Но понятые в их значении современниками, недооцененные позднейшей критикой, сказки Пушкина были приняты народом. Одна из сказок Пушкина («О рыбаке и рыбке») была записана со слов народного сказителя как чисто народная сказка.
Викентий Вересаев
О двух планах в творчестве Пушкина
I
В «Невском альманахе» за 1829 год было помещено несколько картинок к шумевшему в то время «Евгению Онегину». Одна картинка изображала Татьяну за письмом к Онегину. Дебелая девица с лицом коровницы сидит на стуле в одной кисейно-прозрачной рубашке, спускающейся с плеча, и держит в руке кусок бумаги. Пушкин написал на эту картинку эпиграмму. Напечатать ее целиком не разрешила бы самая снисходительная цензура. Вот она с соответственными пропусками:
Пупок чернеет сквозь рубашку,
Наружу…… – милый вид!
Татьяна мнет в руке бумажку,
Зане – живот у ней болит.
Она……. поутру встала
При бледных месяца лучах
И на…….. изорвала,
Конечно, «Невский альманах».
Я не представляю себе человека, сколько-нибудь любящего Пушкина и его поэзию, который бы рассмеялся, прочитав эту эпиграмму. Как-никак тут задевается не только плохая картинка, но и сама Татьяна – один из самых прекрасных и целомудренных женских образов в нашей литературе. Это совсем то же, что для верующего, например, читать эпиграмму, где, по поводу плохого образа богоматери, в вульгарно-цинических выражениях описывались бы тело и разные интимные отправления богоматери.
Викентий Вересаев
Читаешь эту эпиграмму на Татьяну, и в негодовании хочется воскликнуть:
Мне не смешно, когда маляр негодный
Мне пачкает Мадонну Рафаэля;
Мне не смешно, когда фигляр презренный
Пародией бесчестит Алигьери!
Но сейчас же приходит в голову: да ведь эпиграмму-то написал сам Пушкин – создатель образа Татьяны! Что же это? Рафаэль с озорною улыбкою пририсовывает парикмахерские усы к прекраснейшей из своих мадонн, Данте на мотив похабной уличной песенки напевает суровые терцины вступления к «Аду»! И недоумевающая неловкость овладевает душой.
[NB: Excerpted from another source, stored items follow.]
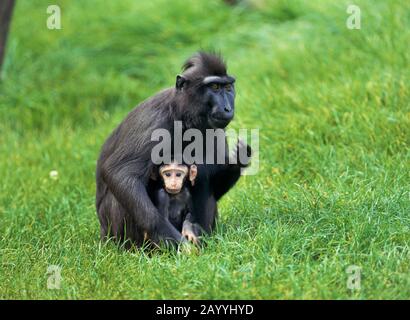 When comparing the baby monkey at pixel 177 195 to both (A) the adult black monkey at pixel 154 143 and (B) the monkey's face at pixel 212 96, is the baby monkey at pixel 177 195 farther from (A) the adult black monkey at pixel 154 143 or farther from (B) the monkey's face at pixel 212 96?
(B) the monkey's face at pixel 212 96

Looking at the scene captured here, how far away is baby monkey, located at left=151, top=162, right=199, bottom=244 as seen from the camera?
5.95 metres

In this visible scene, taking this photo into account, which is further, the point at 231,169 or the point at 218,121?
the point at 231,169

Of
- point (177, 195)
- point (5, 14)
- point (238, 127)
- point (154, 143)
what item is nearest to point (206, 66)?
point (154, 143)

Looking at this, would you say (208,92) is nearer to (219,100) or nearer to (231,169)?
(219,100)

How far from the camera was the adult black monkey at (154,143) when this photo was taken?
230 inches

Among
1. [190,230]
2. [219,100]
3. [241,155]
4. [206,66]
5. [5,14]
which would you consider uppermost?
[5,14]

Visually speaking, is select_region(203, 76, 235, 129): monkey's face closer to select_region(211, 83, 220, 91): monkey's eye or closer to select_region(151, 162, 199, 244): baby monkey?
select_region(211, 83, 220, 91): monkey's eye

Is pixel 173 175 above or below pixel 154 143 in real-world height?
below

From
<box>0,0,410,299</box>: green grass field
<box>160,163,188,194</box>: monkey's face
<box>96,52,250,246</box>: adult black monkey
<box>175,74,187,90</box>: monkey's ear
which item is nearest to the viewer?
<box>0,0,410,299</box>: green grass field

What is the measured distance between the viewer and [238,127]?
830 centimetres

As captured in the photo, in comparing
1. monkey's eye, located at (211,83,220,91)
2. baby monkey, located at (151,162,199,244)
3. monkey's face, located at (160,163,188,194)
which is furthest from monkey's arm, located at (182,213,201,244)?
monkey's eye, located at (211,83,220,91)

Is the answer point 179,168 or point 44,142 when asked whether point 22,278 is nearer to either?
point 179,168

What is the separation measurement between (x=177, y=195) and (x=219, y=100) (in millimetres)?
773

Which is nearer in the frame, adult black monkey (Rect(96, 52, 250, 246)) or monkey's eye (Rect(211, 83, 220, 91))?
adult black monkey (Rect(96, 52, 250, 246)) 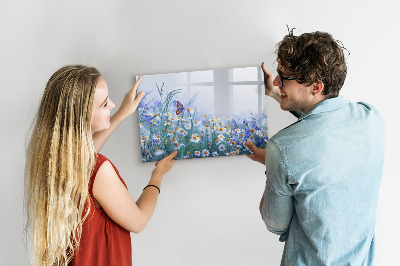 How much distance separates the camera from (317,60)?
119cm

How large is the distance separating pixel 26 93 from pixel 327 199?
1.32 m

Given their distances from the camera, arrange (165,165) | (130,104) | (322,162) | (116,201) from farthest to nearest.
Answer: (165,165) < (130,104) < (116,201) < (322,162)

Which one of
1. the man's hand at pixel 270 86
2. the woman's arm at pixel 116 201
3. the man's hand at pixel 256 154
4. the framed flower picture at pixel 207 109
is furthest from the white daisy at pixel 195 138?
the woman's arm at pixel 116 201

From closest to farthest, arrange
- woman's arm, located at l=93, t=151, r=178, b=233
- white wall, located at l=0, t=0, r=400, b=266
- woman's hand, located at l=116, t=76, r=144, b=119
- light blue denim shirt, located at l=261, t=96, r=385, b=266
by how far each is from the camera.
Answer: light blue denim shirt, located at l=261, t=96, r=385, b=266 → woman's arm, located at l=93, t=151, r=178, b=233 → woman's hand, located at l=116, t=76, r=144, b=119 → white wall, located at l=0, t=0, r=400, b=266

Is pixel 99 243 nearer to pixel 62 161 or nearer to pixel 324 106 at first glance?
pixel 62 161

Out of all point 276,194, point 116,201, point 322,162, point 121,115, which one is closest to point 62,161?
point 116,201

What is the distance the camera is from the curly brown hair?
Answer: 1190 mm

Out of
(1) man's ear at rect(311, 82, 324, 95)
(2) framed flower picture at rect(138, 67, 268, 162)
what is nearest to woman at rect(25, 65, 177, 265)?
(2) framed flower picture at rect(138, 67, 268, 162)

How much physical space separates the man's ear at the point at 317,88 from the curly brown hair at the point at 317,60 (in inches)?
0.4

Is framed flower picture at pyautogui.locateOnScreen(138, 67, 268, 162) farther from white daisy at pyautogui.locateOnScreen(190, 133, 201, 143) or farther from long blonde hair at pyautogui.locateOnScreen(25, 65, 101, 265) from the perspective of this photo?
long blonde hair at pyautogui.locateOnScreen(25, 65, 101, 265)

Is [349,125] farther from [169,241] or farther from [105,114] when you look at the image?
[169,241]

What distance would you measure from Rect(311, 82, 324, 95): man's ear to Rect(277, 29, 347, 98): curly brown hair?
0.04ft

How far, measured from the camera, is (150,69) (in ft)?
5.77

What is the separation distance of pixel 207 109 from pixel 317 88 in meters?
0.60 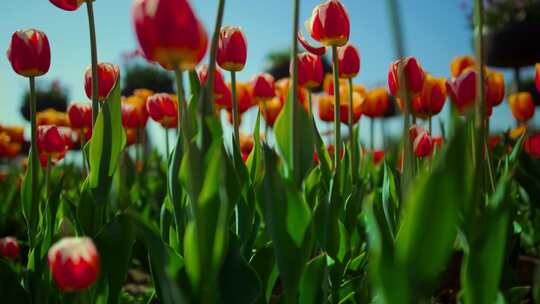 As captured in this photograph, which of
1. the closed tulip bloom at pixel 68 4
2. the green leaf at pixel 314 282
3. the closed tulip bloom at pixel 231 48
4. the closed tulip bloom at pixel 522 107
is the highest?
the closed tulip bloom at pixel 68 4

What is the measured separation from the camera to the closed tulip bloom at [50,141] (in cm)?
129

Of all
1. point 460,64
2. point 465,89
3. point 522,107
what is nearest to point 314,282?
point 465,89

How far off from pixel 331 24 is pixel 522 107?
1254 millimetres

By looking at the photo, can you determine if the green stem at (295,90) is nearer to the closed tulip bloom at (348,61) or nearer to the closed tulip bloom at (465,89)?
the closed tulip bloom at (465,89)

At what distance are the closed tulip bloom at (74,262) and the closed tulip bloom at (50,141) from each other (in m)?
0.74

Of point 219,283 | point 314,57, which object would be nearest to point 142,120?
point 314,57

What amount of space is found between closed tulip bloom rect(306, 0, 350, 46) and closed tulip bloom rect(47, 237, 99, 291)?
593 mm

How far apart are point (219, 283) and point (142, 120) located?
1354mm

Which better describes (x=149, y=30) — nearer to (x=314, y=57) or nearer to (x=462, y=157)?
(x=462, y=157)

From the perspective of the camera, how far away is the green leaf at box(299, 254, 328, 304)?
752 millimetres

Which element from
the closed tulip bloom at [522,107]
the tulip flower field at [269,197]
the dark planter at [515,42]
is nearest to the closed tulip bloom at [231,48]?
the tulip flower field at [269,197]

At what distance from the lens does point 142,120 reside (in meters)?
2.01

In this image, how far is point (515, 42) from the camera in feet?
16.7

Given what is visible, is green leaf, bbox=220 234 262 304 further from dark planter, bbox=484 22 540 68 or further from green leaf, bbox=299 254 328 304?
dark planter, bbox=484 22 540 68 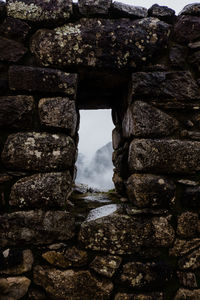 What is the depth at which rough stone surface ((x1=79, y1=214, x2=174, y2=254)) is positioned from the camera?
1.41 meters

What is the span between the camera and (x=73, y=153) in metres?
1.50

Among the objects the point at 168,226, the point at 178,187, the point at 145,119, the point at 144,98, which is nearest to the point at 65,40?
the point at 144,98

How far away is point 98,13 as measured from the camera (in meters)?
1.51

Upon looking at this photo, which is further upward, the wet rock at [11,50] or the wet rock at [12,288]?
the wet rock at [11,50]

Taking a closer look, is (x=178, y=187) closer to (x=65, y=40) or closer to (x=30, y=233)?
(x=30, y=233)

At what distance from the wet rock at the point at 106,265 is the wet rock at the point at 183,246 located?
1.33 ft

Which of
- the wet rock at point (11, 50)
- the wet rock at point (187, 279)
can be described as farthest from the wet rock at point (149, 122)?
the wet rock at point (187, 279)

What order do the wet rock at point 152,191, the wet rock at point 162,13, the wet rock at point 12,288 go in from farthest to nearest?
the wet rock at point 162,13 → the wet rock at point 152,191 → the wet rock at point 12,288

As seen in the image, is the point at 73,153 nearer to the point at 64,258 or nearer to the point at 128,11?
the point at 64,258

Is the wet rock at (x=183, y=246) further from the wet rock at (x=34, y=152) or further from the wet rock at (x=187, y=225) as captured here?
the wet rock at (x=34, y=152)

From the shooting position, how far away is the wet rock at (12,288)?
4.41 feet

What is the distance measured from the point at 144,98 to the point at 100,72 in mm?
392

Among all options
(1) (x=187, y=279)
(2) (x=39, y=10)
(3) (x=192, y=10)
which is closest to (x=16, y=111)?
(2) (x=39, y=10)

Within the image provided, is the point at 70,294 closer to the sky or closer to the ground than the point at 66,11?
closer to the ground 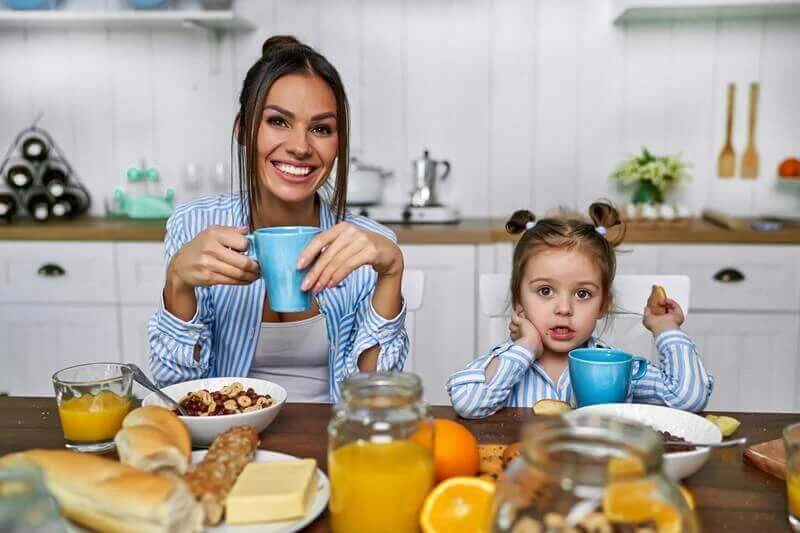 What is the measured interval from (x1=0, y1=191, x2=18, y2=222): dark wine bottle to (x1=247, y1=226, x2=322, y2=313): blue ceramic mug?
2.31m

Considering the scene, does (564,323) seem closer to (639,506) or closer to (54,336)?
(639,506)

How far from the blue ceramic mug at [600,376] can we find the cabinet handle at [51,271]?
2.21m

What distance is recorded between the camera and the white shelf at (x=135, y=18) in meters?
2.82

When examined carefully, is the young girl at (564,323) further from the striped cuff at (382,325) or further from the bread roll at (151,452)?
the bread roll at (151,452)

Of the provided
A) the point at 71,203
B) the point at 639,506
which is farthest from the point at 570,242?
the point at 71,203

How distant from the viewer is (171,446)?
776 millimetres

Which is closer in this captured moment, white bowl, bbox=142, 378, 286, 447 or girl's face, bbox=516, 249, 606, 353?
white bowl, bbox=142, 378, 286, 447

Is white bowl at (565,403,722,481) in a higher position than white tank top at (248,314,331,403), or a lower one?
higher

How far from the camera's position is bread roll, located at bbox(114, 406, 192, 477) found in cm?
75

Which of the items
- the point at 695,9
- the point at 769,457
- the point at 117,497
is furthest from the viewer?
the point at 695,9

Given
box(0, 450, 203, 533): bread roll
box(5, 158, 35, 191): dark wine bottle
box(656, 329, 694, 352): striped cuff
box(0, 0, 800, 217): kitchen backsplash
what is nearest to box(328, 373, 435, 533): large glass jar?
box(0, 450, 203, 533): bread roll

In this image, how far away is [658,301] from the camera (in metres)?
1.35

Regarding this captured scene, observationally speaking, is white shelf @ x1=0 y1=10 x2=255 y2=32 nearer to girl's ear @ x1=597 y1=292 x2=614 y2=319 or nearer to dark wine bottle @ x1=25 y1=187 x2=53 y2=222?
dark wine bottle @ x1=25 y1=187 x2=53 y2=222

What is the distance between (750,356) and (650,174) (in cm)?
75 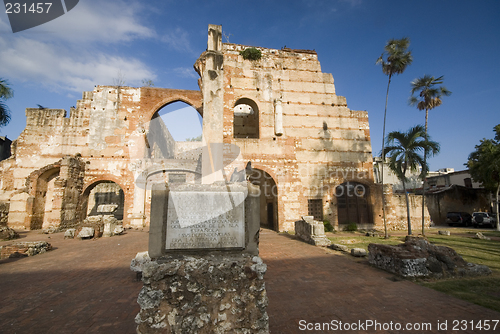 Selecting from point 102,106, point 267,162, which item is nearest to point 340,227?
point 267,162

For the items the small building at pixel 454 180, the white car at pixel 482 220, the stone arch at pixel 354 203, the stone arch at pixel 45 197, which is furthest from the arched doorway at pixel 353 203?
the small building at pixel 454 180

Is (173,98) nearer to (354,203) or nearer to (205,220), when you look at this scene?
(354,203)

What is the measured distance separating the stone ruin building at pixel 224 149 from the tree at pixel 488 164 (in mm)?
9962

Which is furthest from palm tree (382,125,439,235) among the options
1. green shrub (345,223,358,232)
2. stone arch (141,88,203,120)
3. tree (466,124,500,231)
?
stone arch (141,88,203,120)

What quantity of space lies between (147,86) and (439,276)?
2166cm

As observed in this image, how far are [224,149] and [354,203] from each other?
402 inches

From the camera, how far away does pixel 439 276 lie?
5.45 meters

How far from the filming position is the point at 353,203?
17.4 meters

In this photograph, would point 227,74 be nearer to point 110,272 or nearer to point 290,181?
point 290,181

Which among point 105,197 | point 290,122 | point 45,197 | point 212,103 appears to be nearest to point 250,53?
point 212,103

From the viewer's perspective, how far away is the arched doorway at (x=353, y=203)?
17141 mm

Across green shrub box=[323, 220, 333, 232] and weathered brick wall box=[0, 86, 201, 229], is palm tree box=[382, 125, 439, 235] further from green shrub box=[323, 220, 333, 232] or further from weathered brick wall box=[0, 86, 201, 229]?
weathered brick wall box=[0, 86, 201, 229]

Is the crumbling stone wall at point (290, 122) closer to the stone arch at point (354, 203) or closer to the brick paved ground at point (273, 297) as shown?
the stone arch at point (354, 203)

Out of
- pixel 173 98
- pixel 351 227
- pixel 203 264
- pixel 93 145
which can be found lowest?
pixel 351 227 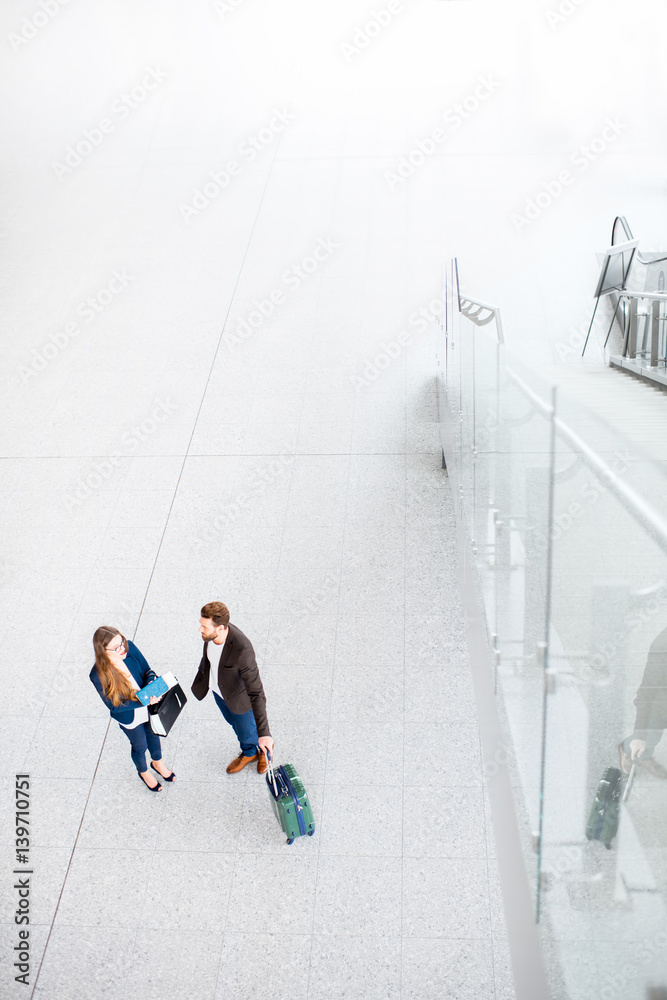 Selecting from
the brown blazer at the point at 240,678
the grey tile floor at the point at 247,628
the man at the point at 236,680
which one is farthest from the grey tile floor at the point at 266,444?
the brown blazer at the point at 240,678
А потом еще соображаешь вот что: по какому случаю говорится у Пушкина о Рафаэле, Данте и презренных фиглярах? Вы помните? Моцарт шел к Сальери и, проходя мимо трактира, услышал, как слепой скрипач разыгрывает арию Моцарта. Потащил с собою старика к Сальери и приказывает ему сыграть что-нибудь из Моцарта. Старик играет, Моцарт хохочет. Сальери с негодованием спрашивает: «И ты смеяться можешь?» А Моцарт ему: «Ах, Сальери! Ужель и сам ты не смеешься?» Вот тут-то Сальери и говорит о негодных малярах и фиглярах презренных. Сейчас же вслед за этим Моцарт играет Сальери недавно сочиненную им пьесу. Сальери слушает пораженный.